Please retype the entries below exactly, only from their first line through the line containing "Hello everyone, welcome", leaving every picture out.

### Listed entries ###

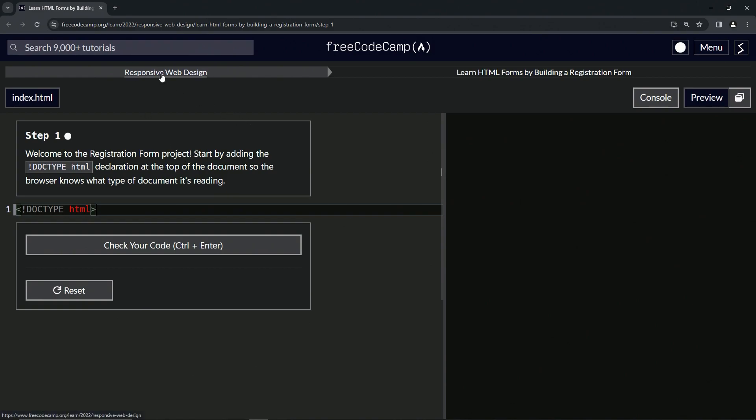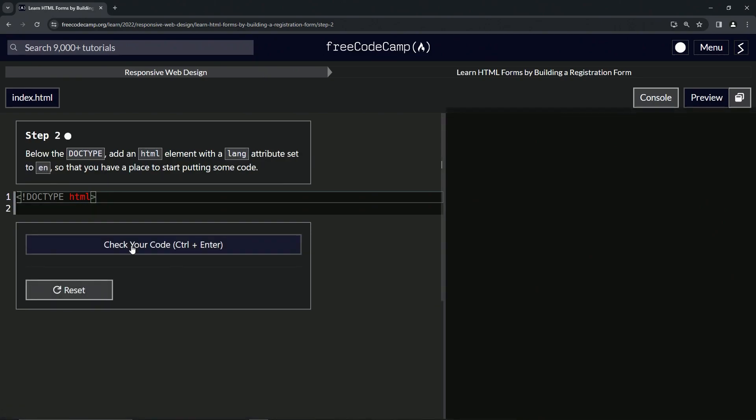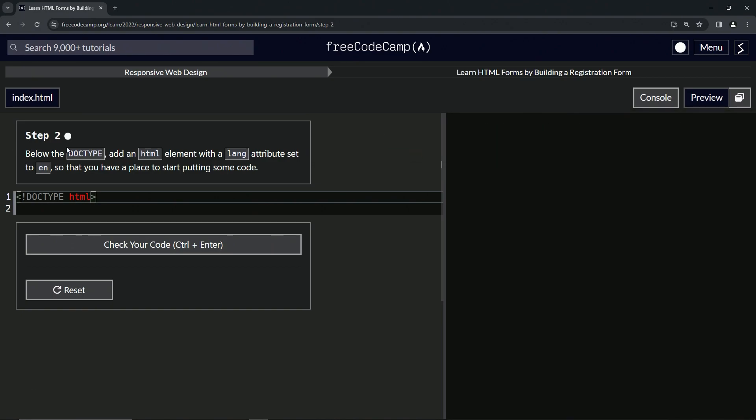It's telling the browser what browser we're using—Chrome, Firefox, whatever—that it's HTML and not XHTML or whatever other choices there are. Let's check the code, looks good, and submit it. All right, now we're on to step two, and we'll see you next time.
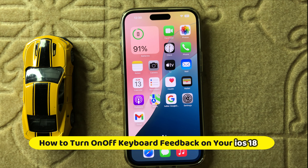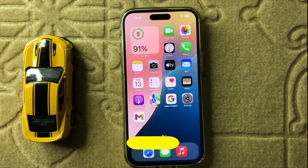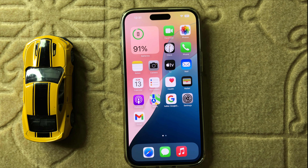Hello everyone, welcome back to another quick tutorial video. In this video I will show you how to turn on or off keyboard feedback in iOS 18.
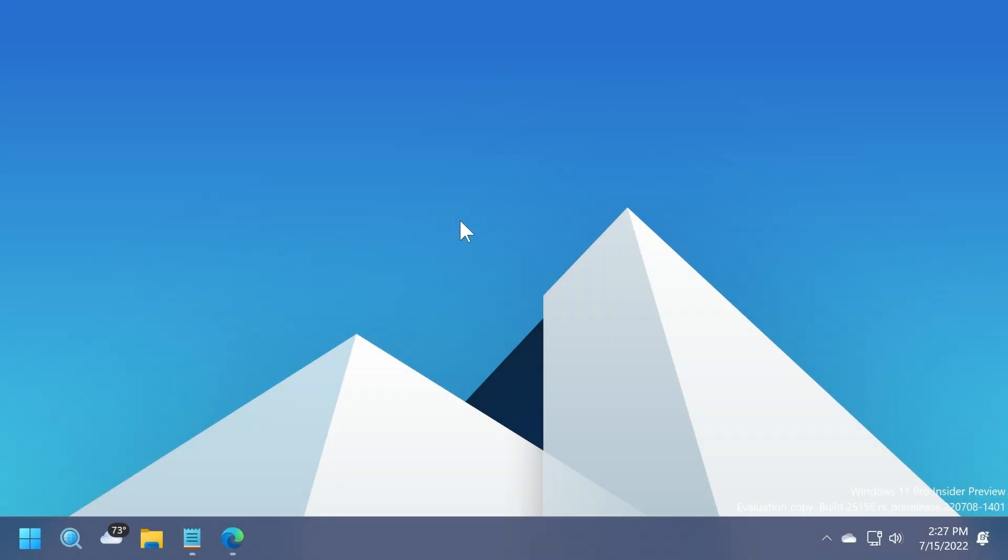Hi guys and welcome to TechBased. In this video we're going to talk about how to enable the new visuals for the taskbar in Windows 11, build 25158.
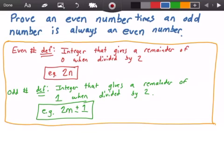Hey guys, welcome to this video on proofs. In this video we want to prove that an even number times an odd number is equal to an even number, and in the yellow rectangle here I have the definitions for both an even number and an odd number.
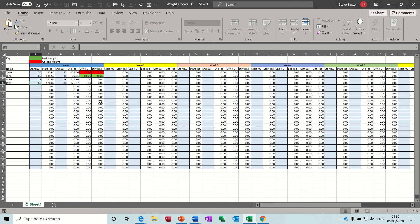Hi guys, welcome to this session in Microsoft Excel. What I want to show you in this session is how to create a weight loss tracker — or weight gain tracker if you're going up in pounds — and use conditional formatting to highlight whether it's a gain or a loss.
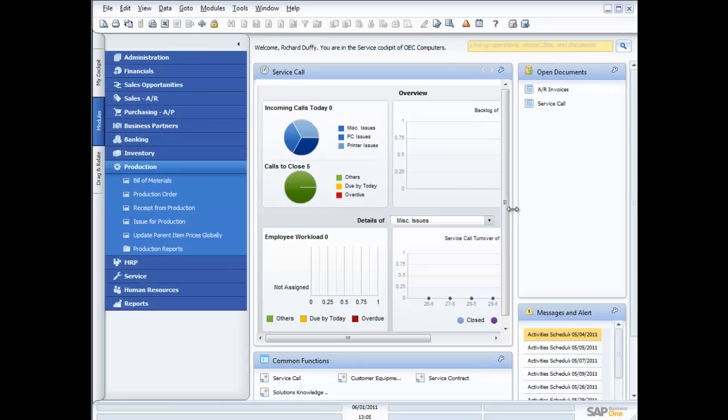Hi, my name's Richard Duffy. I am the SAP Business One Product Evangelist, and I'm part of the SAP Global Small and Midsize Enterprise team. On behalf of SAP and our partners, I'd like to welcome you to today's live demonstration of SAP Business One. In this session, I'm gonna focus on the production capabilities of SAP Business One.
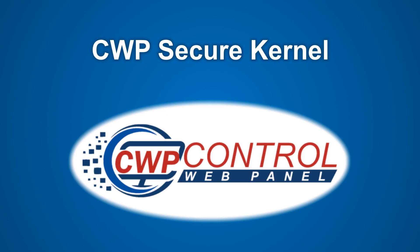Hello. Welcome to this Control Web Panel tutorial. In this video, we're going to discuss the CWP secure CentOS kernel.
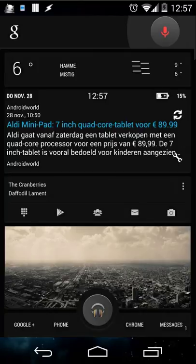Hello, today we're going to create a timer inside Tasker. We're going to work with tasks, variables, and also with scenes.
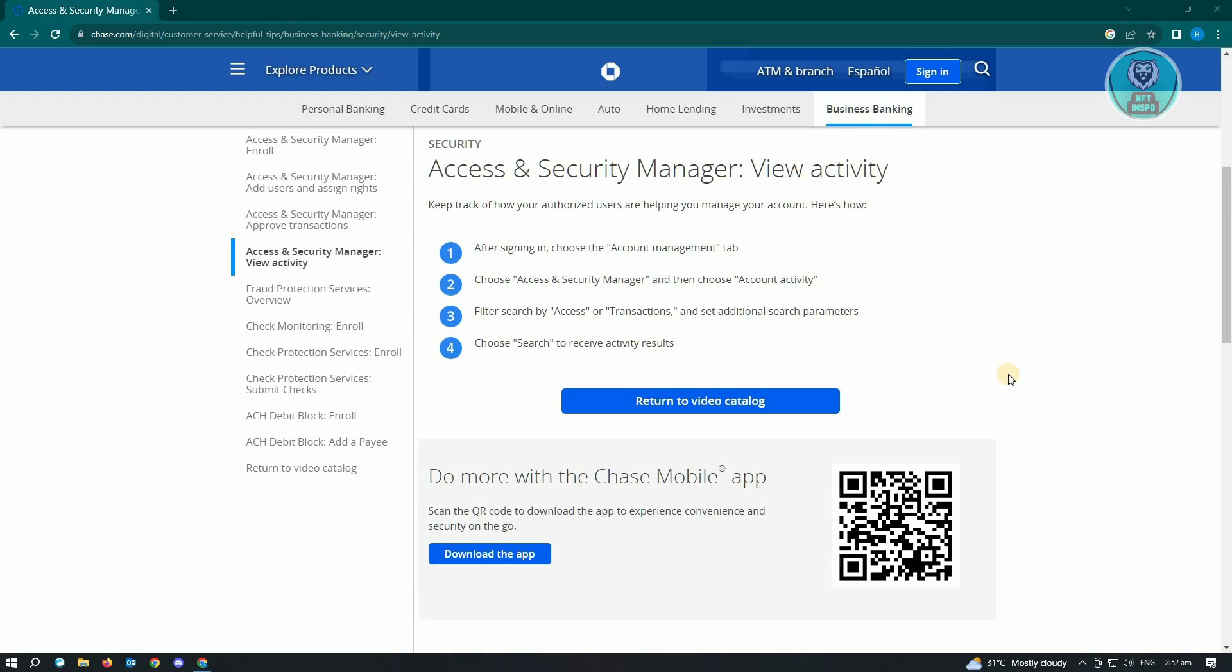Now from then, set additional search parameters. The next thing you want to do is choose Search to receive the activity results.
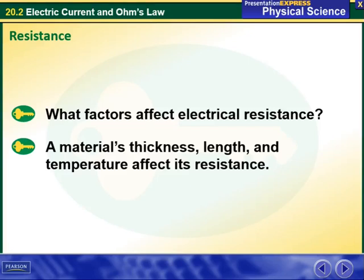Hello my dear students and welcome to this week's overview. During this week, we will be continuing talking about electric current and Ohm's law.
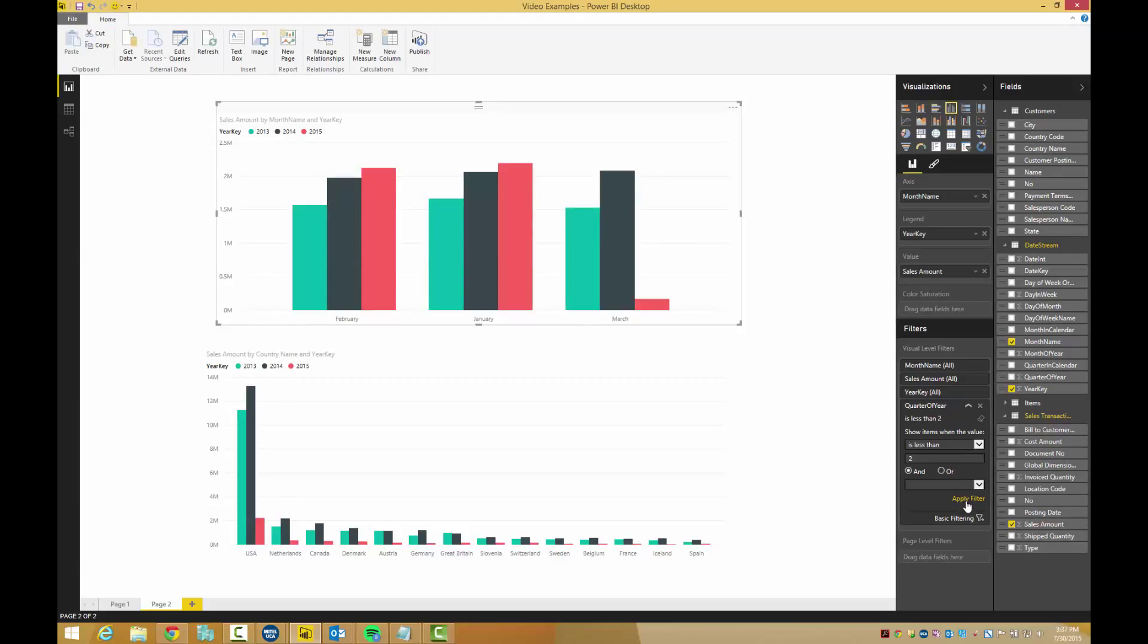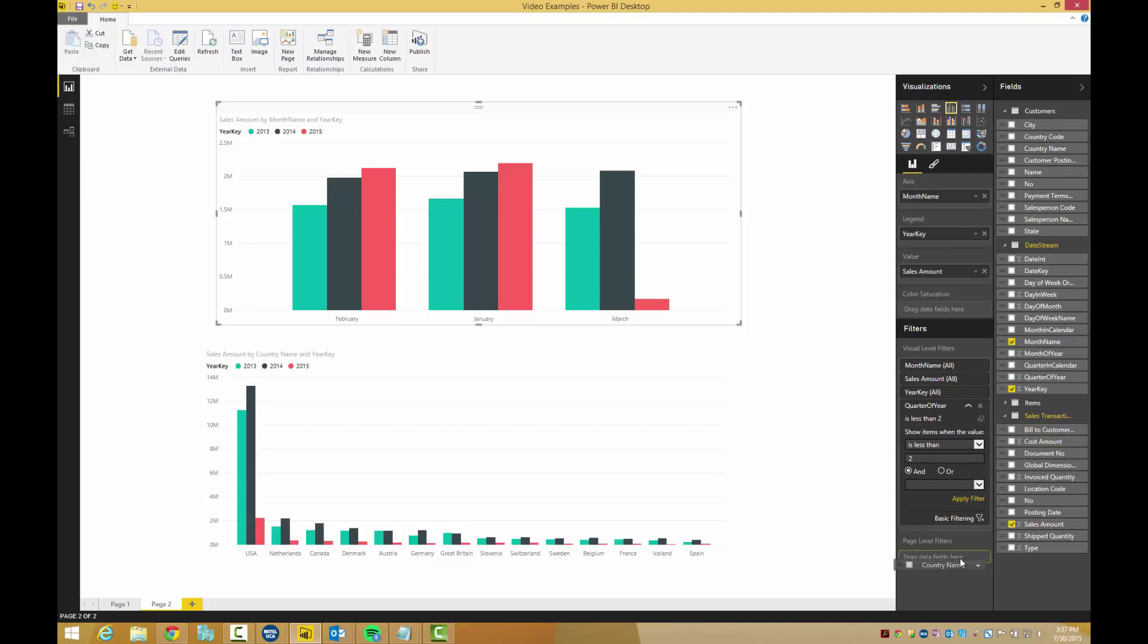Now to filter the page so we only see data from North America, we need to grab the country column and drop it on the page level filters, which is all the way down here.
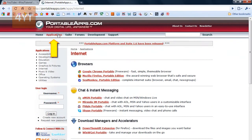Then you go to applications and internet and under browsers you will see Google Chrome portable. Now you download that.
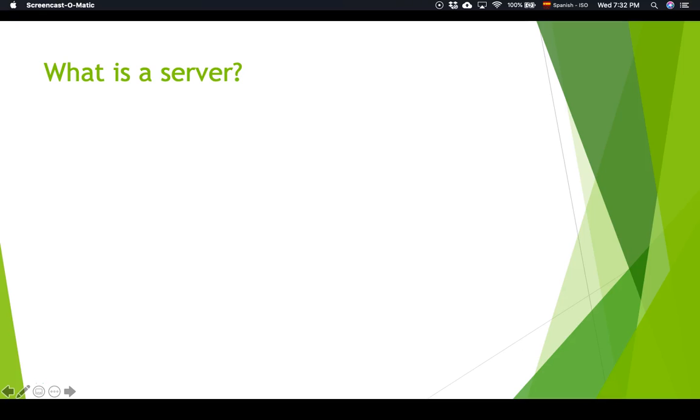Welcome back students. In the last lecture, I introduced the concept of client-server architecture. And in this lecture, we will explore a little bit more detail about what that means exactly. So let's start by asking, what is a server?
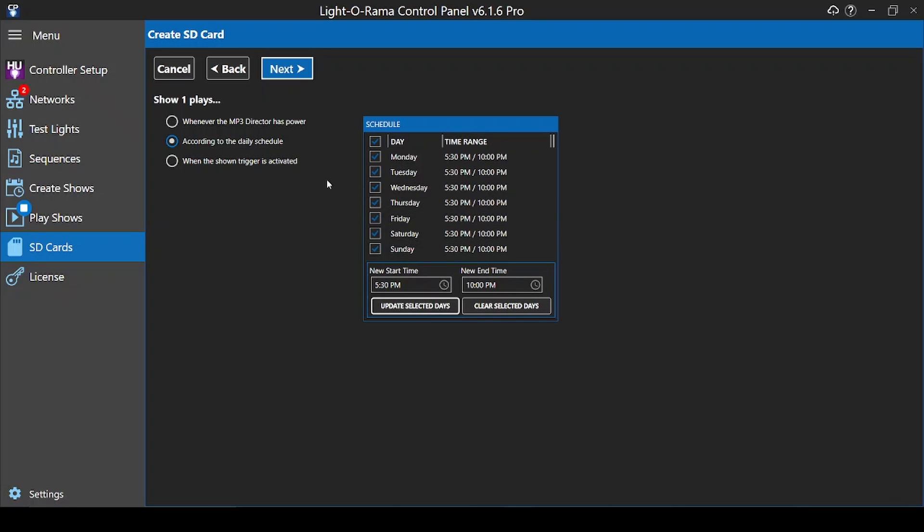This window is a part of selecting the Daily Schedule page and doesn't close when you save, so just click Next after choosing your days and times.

###

= Response box =
It's telling the browser what browser we're using—Chrome, Firefox, whatever—that it's HTML and not XHTML or whatever other choices there are. Let's check the code, looks good, and submit it. All right, now we're on to step two, and we'll see you next time.
Hello everyone, welcome back to another quick tutorial video. In this video I will show you how to turn on or off keyboard feedback in iOS 18.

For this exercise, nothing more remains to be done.